Brent Waggoner said...

I read this series a couple years ago. I mostly really enjoyed it, except for Song of Susannah, which I actually thought was pretty awful.

I really liked the ending and


I also like the idea that the poem at the end, about Roland, is the telling of the final journey he takes to the Tower. I don't know for sure that that's supported by the text, but I still think it's a neat idea.

I also really like Wolves of the Calla except I thought Doctor Doom and Harry Potter were pretty jarring references.

My favorite book is Wizard and Glass, which I know a lot of DT readers hate, but I think it's some of the best writing King has ever done. The end is pretty gut-wrenching.

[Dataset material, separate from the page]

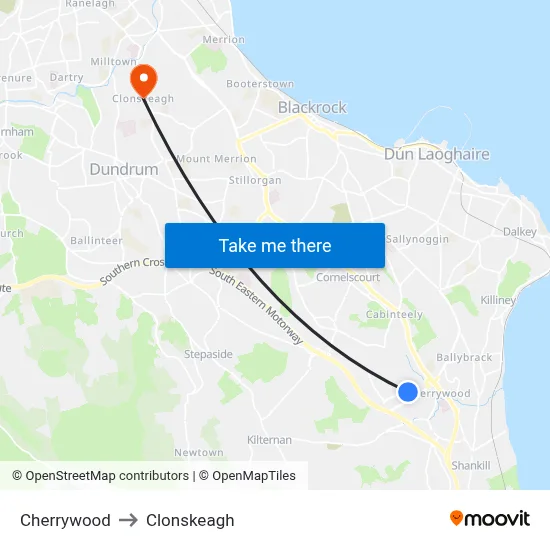 Cherrywood to Clonskeagh map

I'd love to discuss it but it's been so long since I read it, I'm not sure I'd have much to add. i enjoyed it though, and it reads really quickly, considering its length.

Brent Waggoner said...

Also, I'm shamelessly linking my DT review here:

Tom R said...

Shameless? You want shameless...

G.R.R. Fotley said...

I have to concur that Wizard and Glass is the best DT novel. I would also concur its the best Stephen King novel. I'd go so far as to say the entire DT series is only worth reading because of the Wizard and Glass.

billy said...

(spoilers ahead)

i disagree that it's only worth reading for wizard and the glass, though i do think that is the best of the novels. randy (aka grr fotley) and i have talked about this already, but i really wish he had written the story of the fall of gilead and the triumph of john farson, plus the battle of jericho hill. i think that would have been a great book.

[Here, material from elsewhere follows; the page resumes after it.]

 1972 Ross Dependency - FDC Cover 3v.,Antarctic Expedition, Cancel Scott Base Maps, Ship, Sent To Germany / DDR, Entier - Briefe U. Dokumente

i had mixed feelings about the very end. at first i wanted to stop after roland enters the tower and susannah meets jake and eddie in the alternate new york and they all live happily ever after (where king says that the story should end and that you're a terrible person/have sex wrong if you read on). i liked not knowing what happened to roland when he finally got to the tower. i felt like that wasn't necessarily for us to know; it was roland's alone. (and practically speaking i wasn't sure there was any way to tell what lay in the dark tower in a way that would be at all satisfying after 7 books worth of build up). at randy's urging, however, i went ahead and finished it. at first i was pissed and thought it was a cop out that the tower was just a loop and that he was starting over again from book 1, but after some reflection and consideration that the presence of the horn of eld might signify that this last trip would break the cycle (again lending support to my contention that king should have written a book about the fall of gilead), i decided i liked it. however, my only change would be that i would have started the series with that scene, as we went through the door at the top of the tower, so that we were reading the last trip through the cycle instead of the second to last. (the only problem with that, though, would be that it would destroy the gloriousness of the first line ("the man in black fled across the desert, and the gunslinger followed") of the gunslinger and the symmetry between the first and last line of the series, which i rather enjoyed

Brent Waggoner said...

I don't know if you read comics, but I'm fairly certain that King wrote the story of the Fall of Gilead in the first run of the Dark Tower comics.